--- Data extracts Enclosed Below ---

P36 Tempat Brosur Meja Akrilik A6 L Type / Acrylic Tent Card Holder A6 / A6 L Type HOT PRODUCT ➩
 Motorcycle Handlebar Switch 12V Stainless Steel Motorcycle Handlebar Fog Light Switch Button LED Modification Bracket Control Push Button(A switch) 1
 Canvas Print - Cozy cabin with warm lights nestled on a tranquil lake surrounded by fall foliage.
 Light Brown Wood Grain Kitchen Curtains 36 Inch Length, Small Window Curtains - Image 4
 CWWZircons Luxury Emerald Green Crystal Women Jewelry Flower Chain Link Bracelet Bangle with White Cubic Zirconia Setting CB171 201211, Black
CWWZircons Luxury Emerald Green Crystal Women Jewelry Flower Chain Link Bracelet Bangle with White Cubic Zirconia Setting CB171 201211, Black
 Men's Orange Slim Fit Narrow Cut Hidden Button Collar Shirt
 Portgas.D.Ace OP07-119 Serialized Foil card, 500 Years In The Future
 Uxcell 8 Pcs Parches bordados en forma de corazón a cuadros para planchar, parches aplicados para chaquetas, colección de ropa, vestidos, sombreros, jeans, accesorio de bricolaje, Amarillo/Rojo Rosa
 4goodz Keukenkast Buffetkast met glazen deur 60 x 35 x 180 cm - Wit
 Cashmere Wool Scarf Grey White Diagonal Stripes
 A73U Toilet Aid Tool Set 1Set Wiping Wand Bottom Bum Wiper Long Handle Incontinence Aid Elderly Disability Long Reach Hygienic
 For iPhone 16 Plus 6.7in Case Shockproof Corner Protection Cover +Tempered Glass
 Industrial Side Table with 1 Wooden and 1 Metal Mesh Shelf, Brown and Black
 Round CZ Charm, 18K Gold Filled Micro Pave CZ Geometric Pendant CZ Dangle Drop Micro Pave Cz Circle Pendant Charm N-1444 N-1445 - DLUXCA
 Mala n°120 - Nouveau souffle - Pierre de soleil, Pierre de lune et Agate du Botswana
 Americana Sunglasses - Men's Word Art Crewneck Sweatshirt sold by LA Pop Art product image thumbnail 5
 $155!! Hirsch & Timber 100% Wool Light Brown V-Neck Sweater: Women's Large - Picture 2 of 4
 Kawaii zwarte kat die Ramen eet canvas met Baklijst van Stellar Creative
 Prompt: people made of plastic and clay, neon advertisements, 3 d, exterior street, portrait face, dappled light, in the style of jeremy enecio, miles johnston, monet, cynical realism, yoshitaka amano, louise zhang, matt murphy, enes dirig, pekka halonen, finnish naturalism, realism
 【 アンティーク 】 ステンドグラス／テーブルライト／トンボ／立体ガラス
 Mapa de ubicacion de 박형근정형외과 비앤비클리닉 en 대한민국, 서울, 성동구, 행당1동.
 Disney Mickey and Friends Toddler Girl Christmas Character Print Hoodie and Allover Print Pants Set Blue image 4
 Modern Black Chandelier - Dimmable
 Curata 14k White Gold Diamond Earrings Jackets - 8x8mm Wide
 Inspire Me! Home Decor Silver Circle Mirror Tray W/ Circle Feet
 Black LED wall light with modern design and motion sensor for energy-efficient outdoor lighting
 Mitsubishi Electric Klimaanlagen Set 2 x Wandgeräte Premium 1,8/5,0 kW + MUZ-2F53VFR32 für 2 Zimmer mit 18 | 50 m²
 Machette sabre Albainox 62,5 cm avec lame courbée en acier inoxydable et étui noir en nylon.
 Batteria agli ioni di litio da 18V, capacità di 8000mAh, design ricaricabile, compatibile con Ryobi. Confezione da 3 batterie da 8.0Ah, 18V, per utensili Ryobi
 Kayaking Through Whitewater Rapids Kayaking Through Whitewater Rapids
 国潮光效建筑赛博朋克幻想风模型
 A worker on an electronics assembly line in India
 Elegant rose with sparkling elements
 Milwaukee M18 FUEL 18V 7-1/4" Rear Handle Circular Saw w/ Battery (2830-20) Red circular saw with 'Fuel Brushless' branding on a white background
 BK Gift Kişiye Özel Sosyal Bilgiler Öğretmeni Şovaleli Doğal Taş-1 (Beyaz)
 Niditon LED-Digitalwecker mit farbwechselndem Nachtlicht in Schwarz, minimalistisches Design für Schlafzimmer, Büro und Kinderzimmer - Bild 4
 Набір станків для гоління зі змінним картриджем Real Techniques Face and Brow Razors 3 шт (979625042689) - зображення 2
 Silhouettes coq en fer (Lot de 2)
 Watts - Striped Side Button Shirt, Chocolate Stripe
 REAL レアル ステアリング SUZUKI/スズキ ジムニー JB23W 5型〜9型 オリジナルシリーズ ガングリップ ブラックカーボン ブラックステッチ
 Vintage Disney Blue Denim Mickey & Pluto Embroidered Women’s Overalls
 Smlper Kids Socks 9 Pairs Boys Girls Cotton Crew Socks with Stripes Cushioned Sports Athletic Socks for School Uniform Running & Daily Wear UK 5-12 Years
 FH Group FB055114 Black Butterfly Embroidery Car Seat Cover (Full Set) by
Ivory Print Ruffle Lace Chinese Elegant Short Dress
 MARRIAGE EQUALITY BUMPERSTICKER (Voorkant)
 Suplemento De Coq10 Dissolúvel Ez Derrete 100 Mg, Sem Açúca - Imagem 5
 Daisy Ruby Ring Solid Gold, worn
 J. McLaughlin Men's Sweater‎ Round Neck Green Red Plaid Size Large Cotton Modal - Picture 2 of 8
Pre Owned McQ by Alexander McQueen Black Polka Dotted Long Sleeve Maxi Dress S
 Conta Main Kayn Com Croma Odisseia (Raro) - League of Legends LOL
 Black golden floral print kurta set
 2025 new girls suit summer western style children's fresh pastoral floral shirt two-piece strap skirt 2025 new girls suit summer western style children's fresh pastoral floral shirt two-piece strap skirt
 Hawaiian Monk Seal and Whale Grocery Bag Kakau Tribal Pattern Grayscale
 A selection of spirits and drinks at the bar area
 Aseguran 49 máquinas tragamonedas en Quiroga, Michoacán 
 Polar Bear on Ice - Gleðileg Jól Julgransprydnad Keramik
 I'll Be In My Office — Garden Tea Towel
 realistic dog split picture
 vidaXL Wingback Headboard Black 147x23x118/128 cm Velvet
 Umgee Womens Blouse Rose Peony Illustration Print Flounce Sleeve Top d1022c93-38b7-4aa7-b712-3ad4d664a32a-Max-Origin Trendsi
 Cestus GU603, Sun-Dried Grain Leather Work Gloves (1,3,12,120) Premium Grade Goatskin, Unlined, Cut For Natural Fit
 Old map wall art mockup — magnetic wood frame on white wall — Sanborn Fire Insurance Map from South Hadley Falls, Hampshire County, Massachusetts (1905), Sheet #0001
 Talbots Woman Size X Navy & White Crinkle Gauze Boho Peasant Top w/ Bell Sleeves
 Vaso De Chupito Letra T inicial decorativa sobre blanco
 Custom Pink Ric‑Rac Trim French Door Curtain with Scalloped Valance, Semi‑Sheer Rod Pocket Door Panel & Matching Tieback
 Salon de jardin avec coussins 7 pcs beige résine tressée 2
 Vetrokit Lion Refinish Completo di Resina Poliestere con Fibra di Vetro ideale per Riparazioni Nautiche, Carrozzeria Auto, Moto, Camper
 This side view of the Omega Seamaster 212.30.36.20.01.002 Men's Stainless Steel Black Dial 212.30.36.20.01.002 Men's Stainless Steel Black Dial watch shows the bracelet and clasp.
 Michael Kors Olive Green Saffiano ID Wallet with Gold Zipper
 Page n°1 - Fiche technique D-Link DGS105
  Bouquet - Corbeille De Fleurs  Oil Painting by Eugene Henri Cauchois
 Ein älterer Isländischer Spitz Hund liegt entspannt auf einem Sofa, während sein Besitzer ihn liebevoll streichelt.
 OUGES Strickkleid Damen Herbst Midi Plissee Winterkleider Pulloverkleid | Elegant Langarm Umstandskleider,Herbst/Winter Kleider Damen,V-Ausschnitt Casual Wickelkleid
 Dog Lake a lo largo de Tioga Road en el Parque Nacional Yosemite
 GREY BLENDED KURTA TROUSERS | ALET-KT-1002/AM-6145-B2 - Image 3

--- End of Enclosed Data extracts ---

> **Work to complete**
Copy out the range of lines above starting at the line with "Smlper Kids Socks" and ending at the line with "Black golden floral print kurta set", exactly and including both.

> **Answer for this exercise**
 Smlper Kids Socks 9 Pairs Boys Girls Cotton Crew Socks with Stripes Cushioned Sports Athletic Socks for School Uniform Running & Daily Wear UK 5-12 Years
 FH Group FB055114 Black Butterfly Embroidery Car Seat Cover (Full Set) by
Ivory Print Ruffle Lace Chinese Elegant Short Dress
 MARRIAGE EQUALITY BUMPERSTICKER (Voorkant)
 Suplemento De Coq10 Dissolúvel Ez Derrete 100 Mg, Sem Açúca - Imagem 5
 Daisy Ruby Ring Solid Gold, worn
 J. McLaughlin Men's Sweater‎ Round Neck Green Red Plaid Size Large Cotton Modal - Picture 2 of 8
Pre Owned McQ by Alexander McQueen Black Polka Dotted Long Sleeve Maxi Dress S
 Conta Main Kayn Com Croma Odisseia (Raro) - League of Legends LOL
 Black golden floral print kurta set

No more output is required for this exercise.